A C++ reaction network for integration into the AMReX Astro Microphysics set of reaction networks used by astrophysical hydrodynamics codes

class pynucastro.networks.amrexastro_cxx_network.AmrexAstroCxxNetwork(*args, **kwargs)

Bases: BaseCxxNetwork

pynucastro.networks.base_cxx_network module

Support for a pure C++ reaction network. These functions will write the C++ code necessary to integrate a reaction network comprised of the rates that are passed in.

class pynucastro.networks.base_cxx_network.BaseCxxNetwork(*args, **kwargs)
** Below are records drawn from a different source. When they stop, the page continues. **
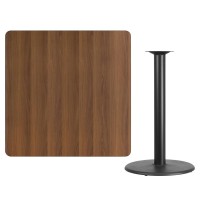 42'' Square Walnut Laminate Table Top With 24'' Round Bar Height Table Base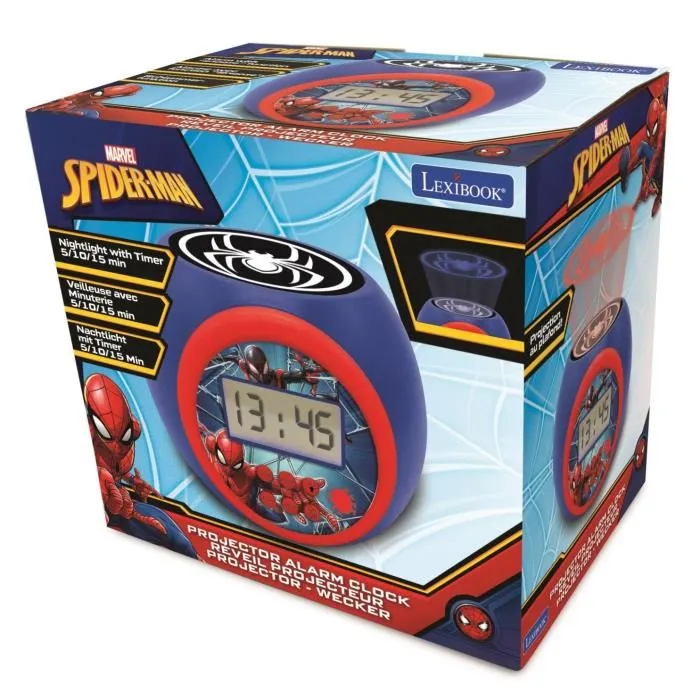LEXIBOOK Reloj Despertador Proyector Spiderman Marvel Pantalla LCD Retroiluminada con Proyección de Araña y Alarma con Repetición para Niños 4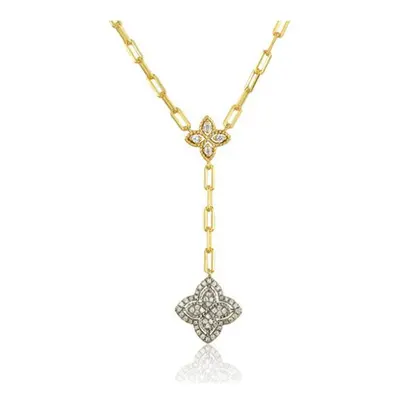 Jewelco London 14k Gold-plated Silver Round CZ Double Pointed Quatrefoil Clover Lariat Necklace 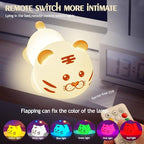 QANYI Christmas Gift Tiger Lamp, Silicone Color Changing Tiger Desk Nightlight, Rechargeable Nursery Table Lamp with Timer and Remote Control, Gift for Toddler Baby Girls Boys Children Bedroom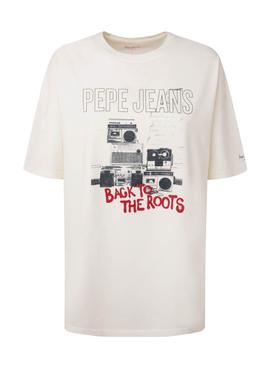 T-Shirt Pepe Jeans Berti Bianco per Donna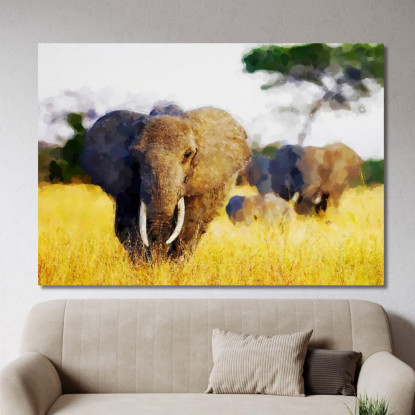 Quadro Elefante Africano Su Tela - Natura Selvaggia E Maestosità afr15 quadro stampato su tela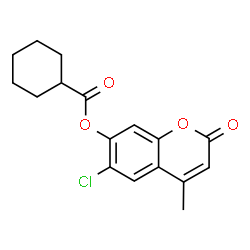 ChemSpider 2D Image | 6-Chloro-4-methyl-2-oxo-2H-chromen-7-yl cyclohexanecarboxylate | C17H17ClO4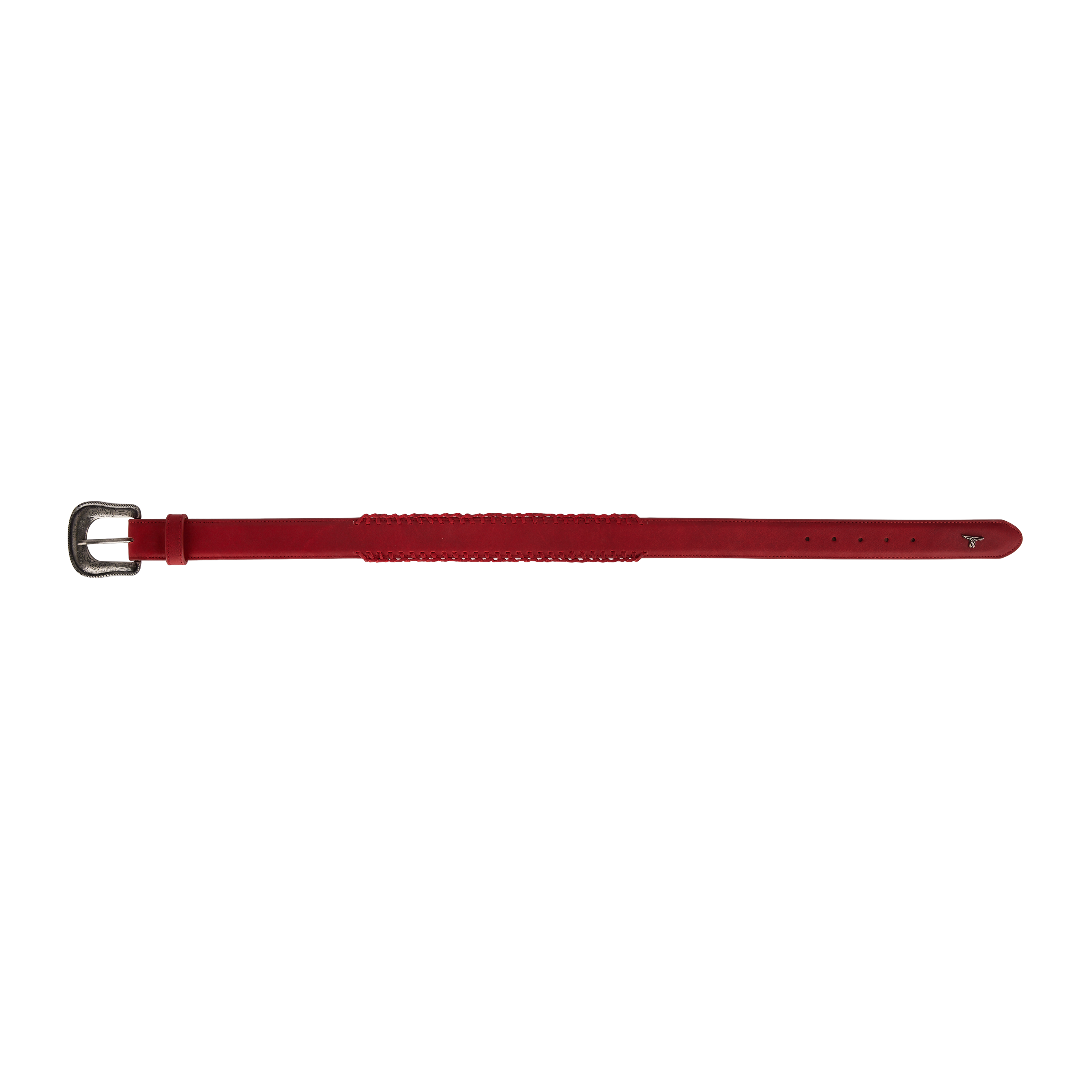 Lane 1.5 Woven Laced Belt with Single Buckle - Smoldering Ruby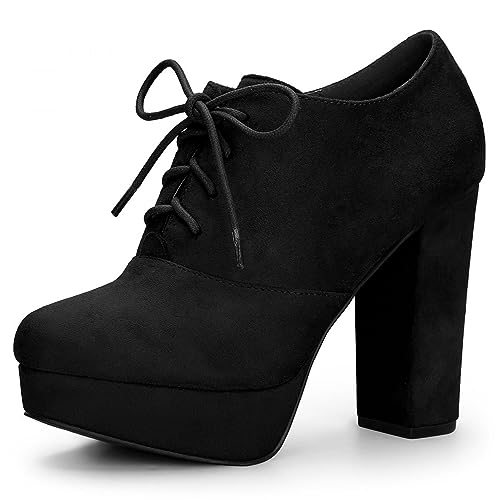 Allegra K Women's Platform Chunky Heel Lace Up Booties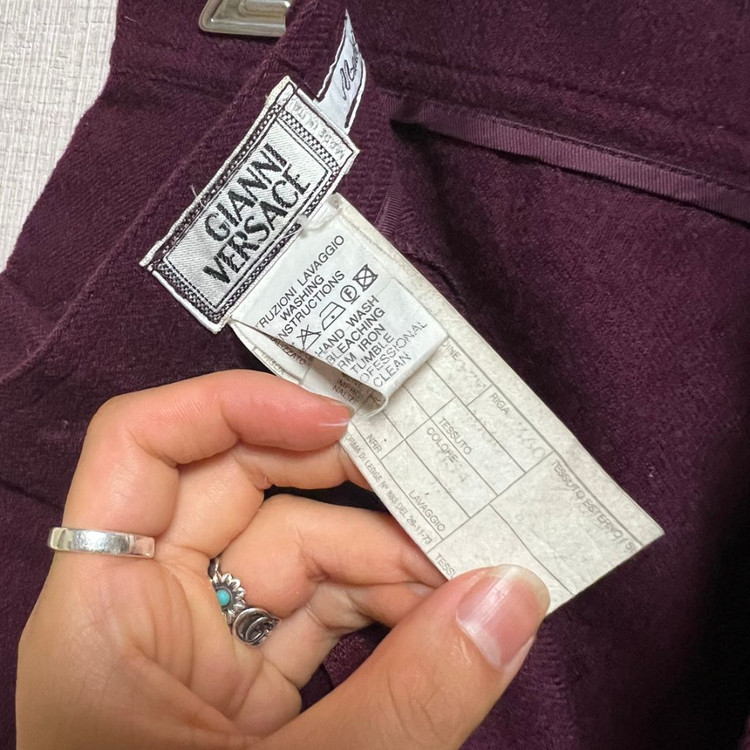 베르사체 버건디 모직 스커트(55)--6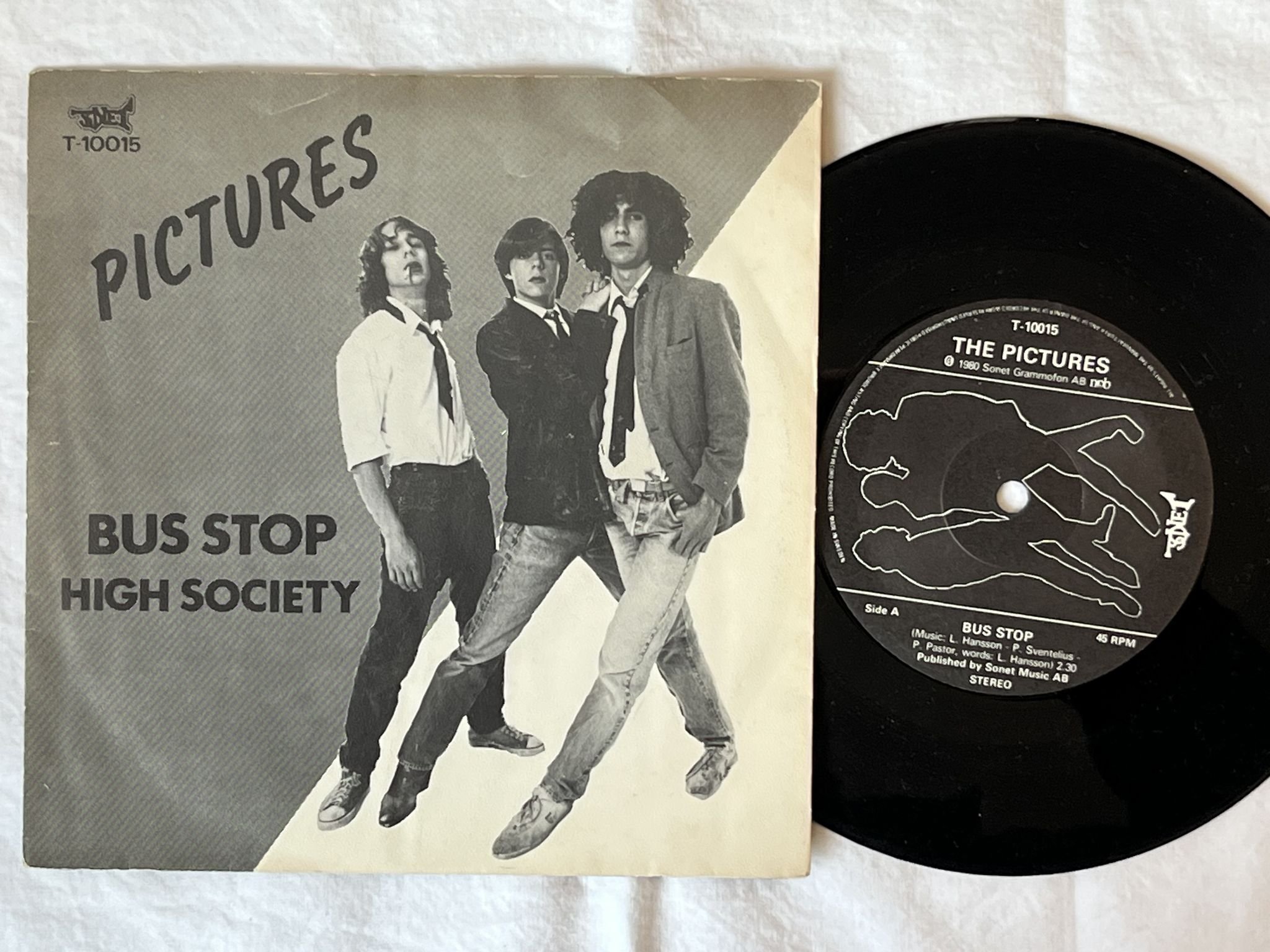 Omslagsbild för skivan PICTURES bus stop 7" -80 Swe SONET T-10015 *** POWER POP ***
Bases: ABC, RateCollection

Base class for a C++ network. This takes the same arguments as RateCollection and interprets the collection of rates and nuclei to produce the C++ code needed to integrate the network.

compose_jacobian()

Create the Jacobian matrix, df/dY, where f is a dY/dt and Y is a molar fraction

The Jacobian is stored as a list with each entry representing a Jacobian element. We also store whether the entry is null.

compose_ydot()

Create the expressions for dY/dt for each nucleus, where Y is the molar fraction.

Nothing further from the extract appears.